Omit the images and return the remaining entries unchanged.
BEGIN Available data
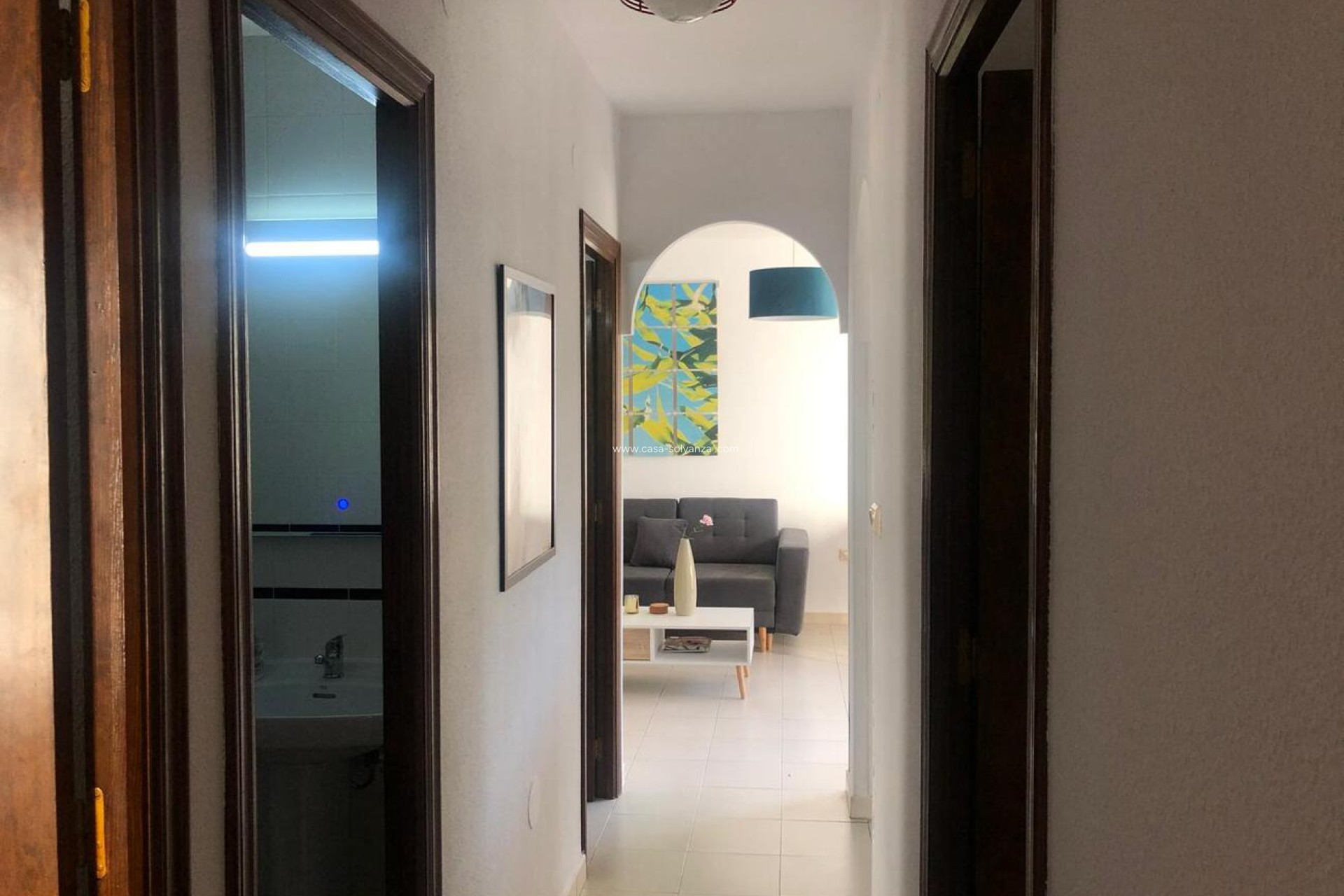 Wiederverkauf - Wohnung - Torrevieja - Costa Blanca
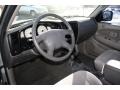 Lunar Mist Silver Metallic - Tacoma V6 TRD Xtracab 4x4 Photo No. 8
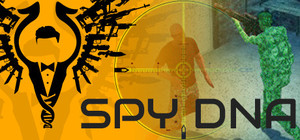 Spy DNA banner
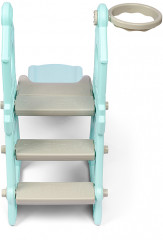 Горка детская «Башня» - Фото 6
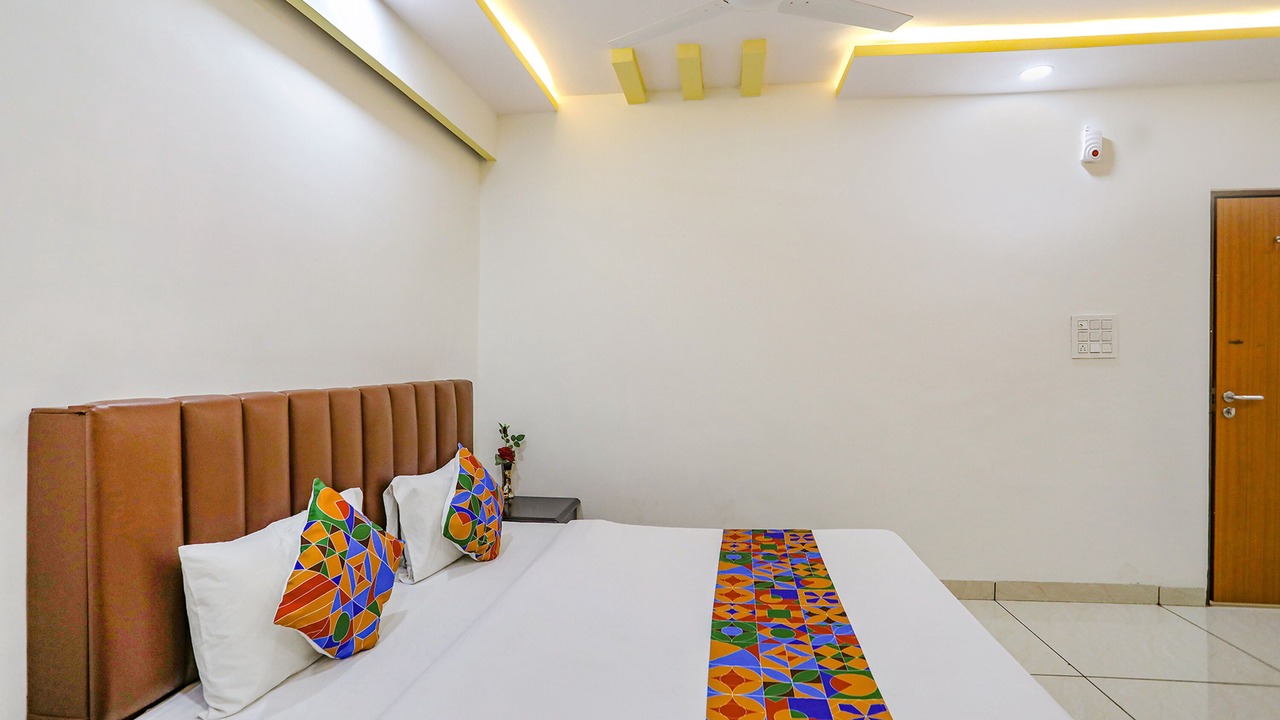 Photo of Bedroom in Bhopal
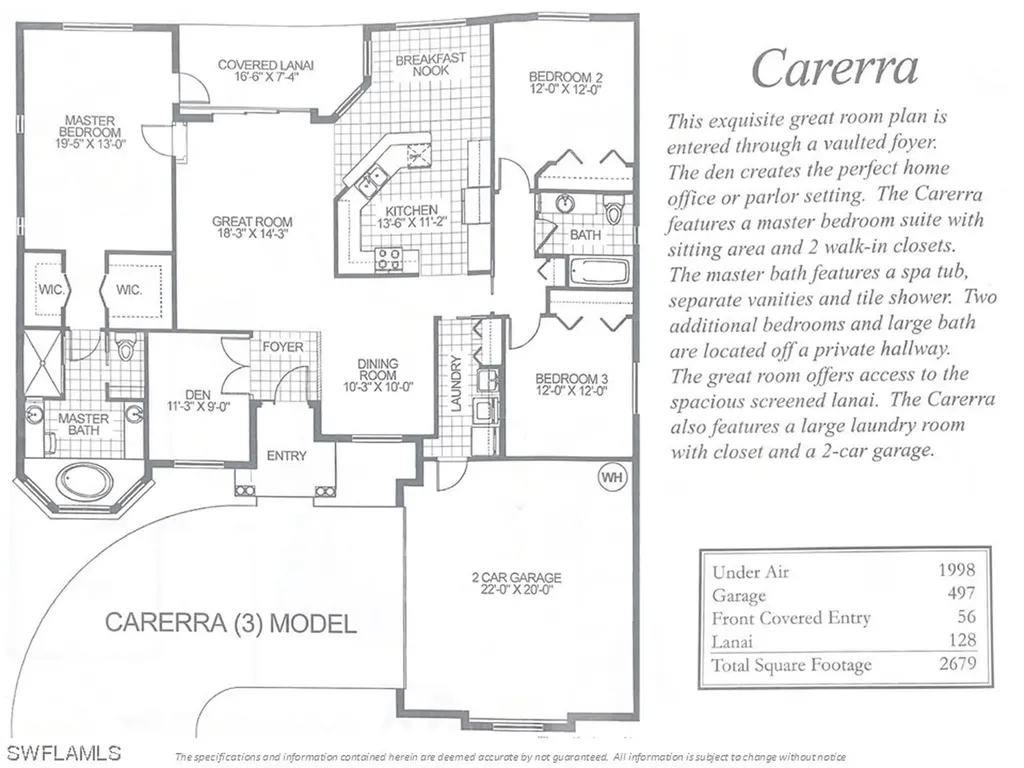 3930 Aurora Court Naples FL 34116
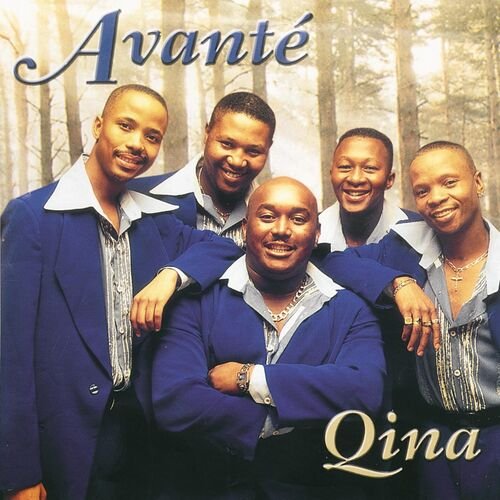 Qina by Avante | Album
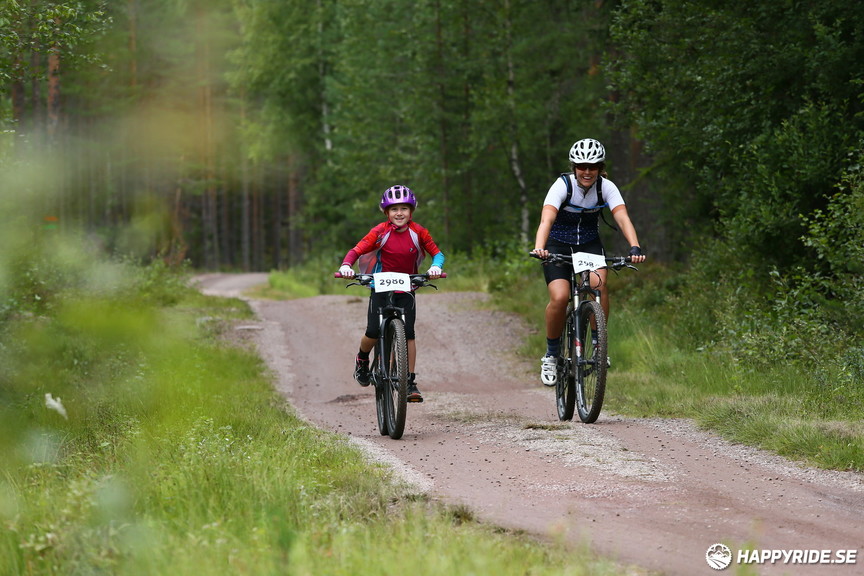 Bild från Cykelvasan 2019 (30km)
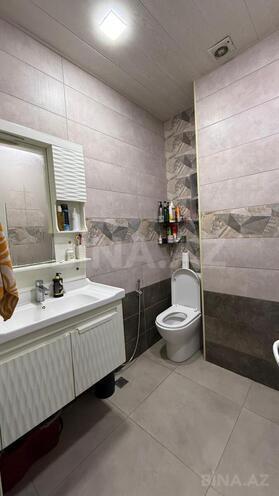 Satılır 3 otaqlı yeni tikili 58 m², Qara Qarayev m., photo 13 from 14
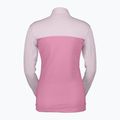 Women's sweatshirt SCOTT Defined Light paradise pink/bliss pink 6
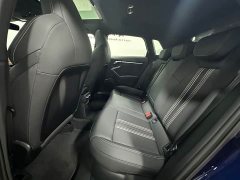 Audi A3 Facelift Sportback 35 TFSI Fashion Sport - ფოტო 13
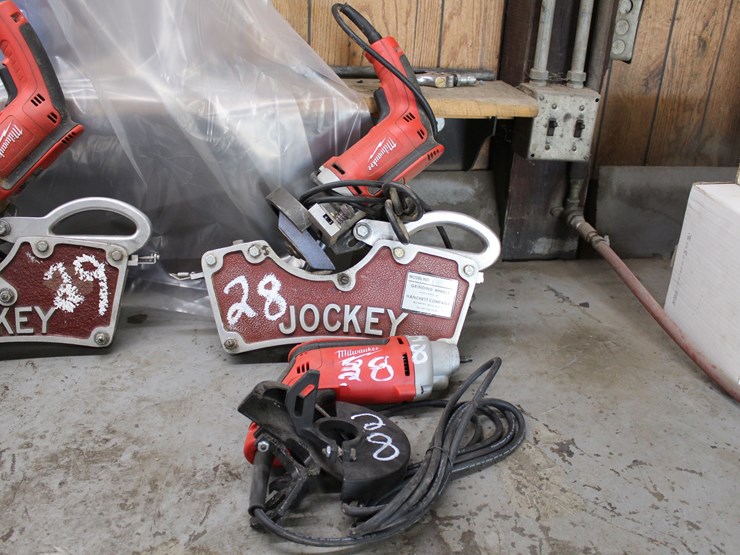 jockey-grinder-model-15-w/-extra-motor-image-1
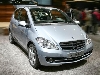 Mercedes-Benz A-Klasse Coup ELEGANCE A 180 Autotronic, 85 kW (116 PS), CVT, stu
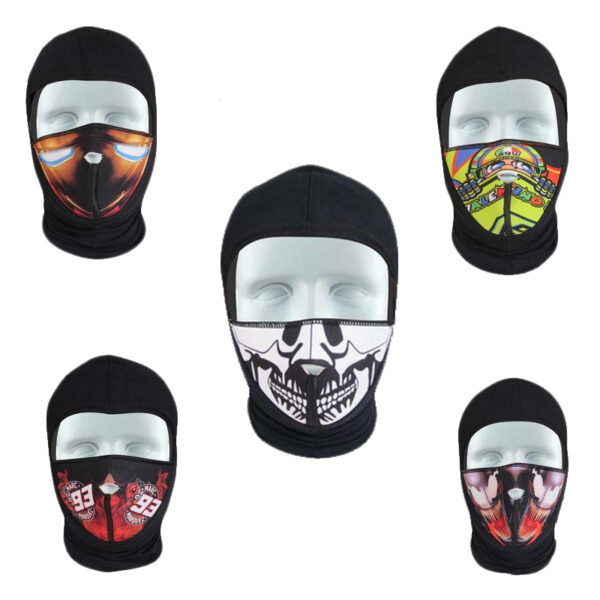 Balaclava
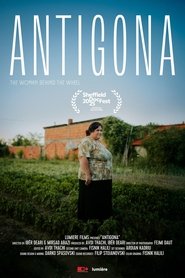 Antigona (2025)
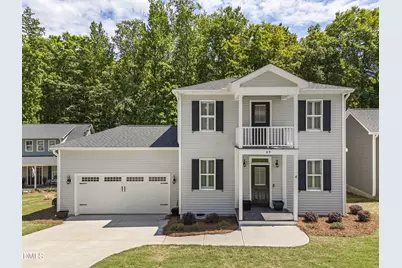 49 Ashley Woods Court, Clayton, NC 27527 - Photo 1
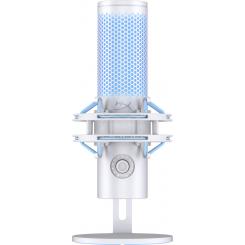 HyperX HyperX QuadCast 2 - USB Microphone (Frost)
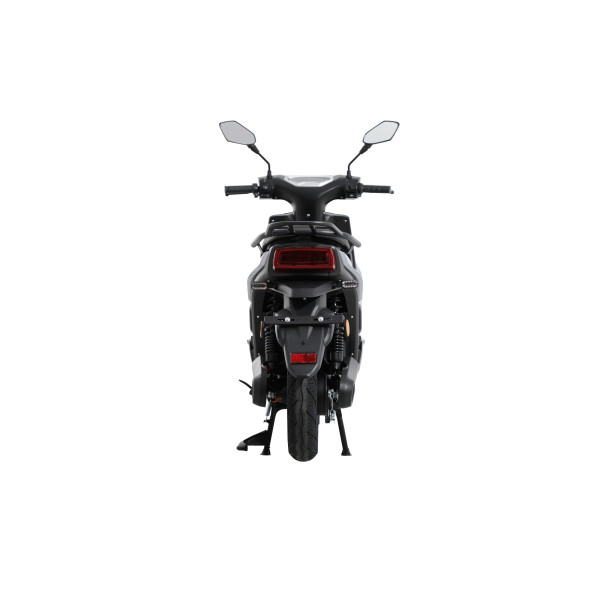 Scuter electric Yadea T9 72V 20Ah - gri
END Available data
# Written solution
 Wiederverkauf - Wohnung - Torrevieja - Costa Blanca
 Lunar Mist Silver Metallic - Tacoma V6 TRD Xtracab 4x4 Photo No. 8
 Spy DNA banner
 Горка детская «Башня» - Фото 6
 Photo of Bedroom in Bhopal
 3930 Aurora Court Naples FL 34116
 Qina by Avante | Album
 Bild från Cykelvasan 2019 (30km)
 Satılır 3 otaqlı yeni tikili 58 m², Qara Qarayev m., photo 13 from 14
 Women's sweatshirt SCOTT Defined Light paradise pink/bliss pink 6
 Audi A3 Facelift Sportback 35 TFSI Fashion Sport - ფოტო 13
 jockey-grinder-model-15-w/-extra-motor-image-1
 Mercedes-Benz A-Klasse Coup ELEGANCE A 180 Autotronic, 85 kW (116 PS), CVT, stu
 Balaclava
 Antigona (2025)
 49 Ashley Woods Court, Clayton, NC 27527 - Photo 1
 HyperX HyperX QuadCast 2 - USB Microphone (Frost)
 Scuter electric Yadea T9 72V 20Ah - gri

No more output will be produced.